WHAT IS REQUIRED: Each line from the one with "security management." through the end of the records below should be transcribed exactly, and each picture should be skipped.

============

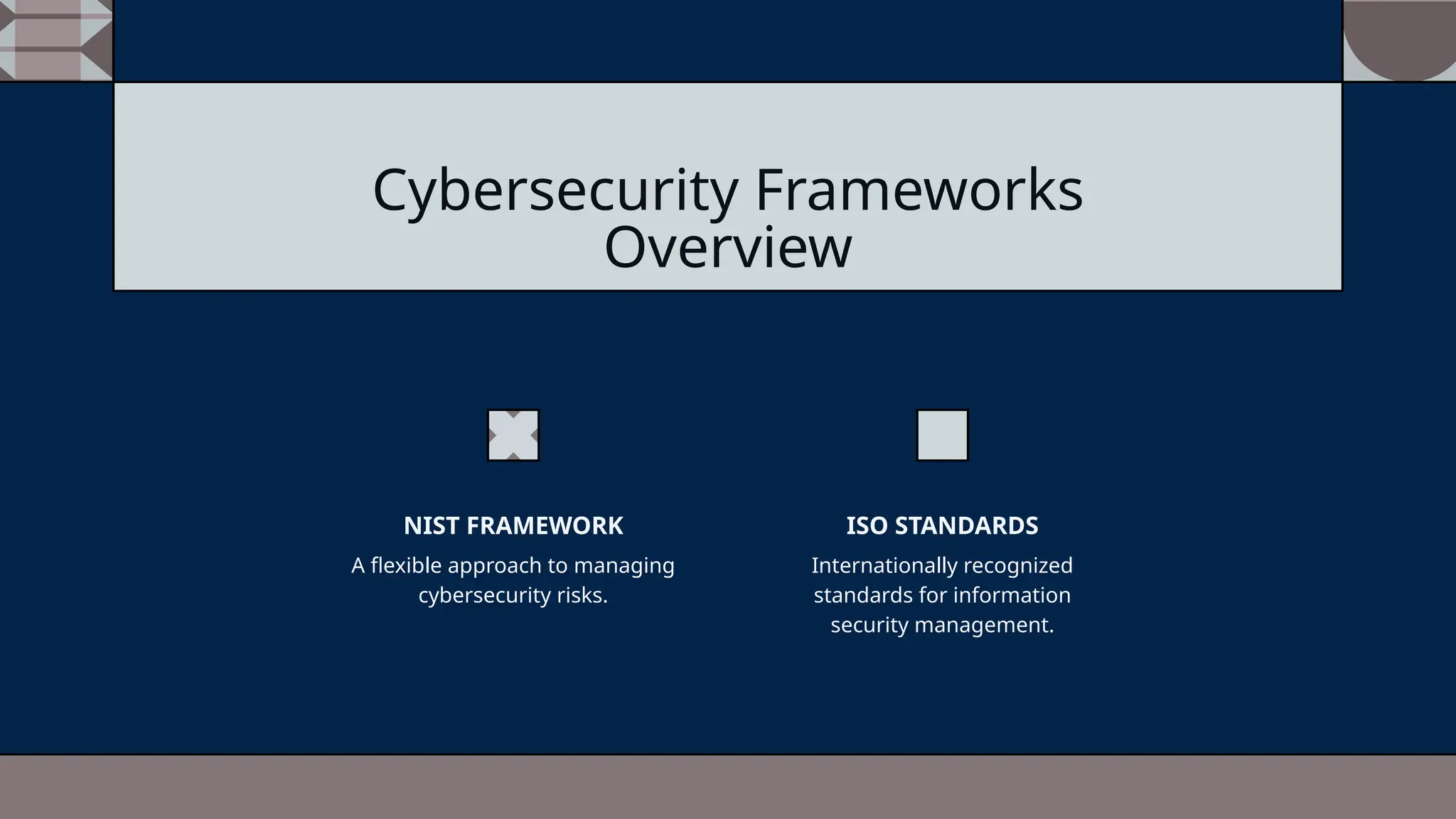 Cybersecurity Frameworks
Overview
A flexible approach to managing
cybersecurity risks.
NIST FRAMEWORK
Internationally recognized
standards for information
security management.
ISO STANDARDS
 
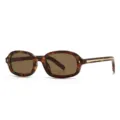 Gafas de sol carey retro con lentes marrones y elegantes detalles metálicos elegantes. - Marco Carey Lente Té Claro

============

YOUR SOLUTION:
security management.
ISO STANDARDS
 
 Gafas de sol carey retro con lentes marrones y elegantes detalles metálicos elegantes. - Marco Carey Lente Té Claro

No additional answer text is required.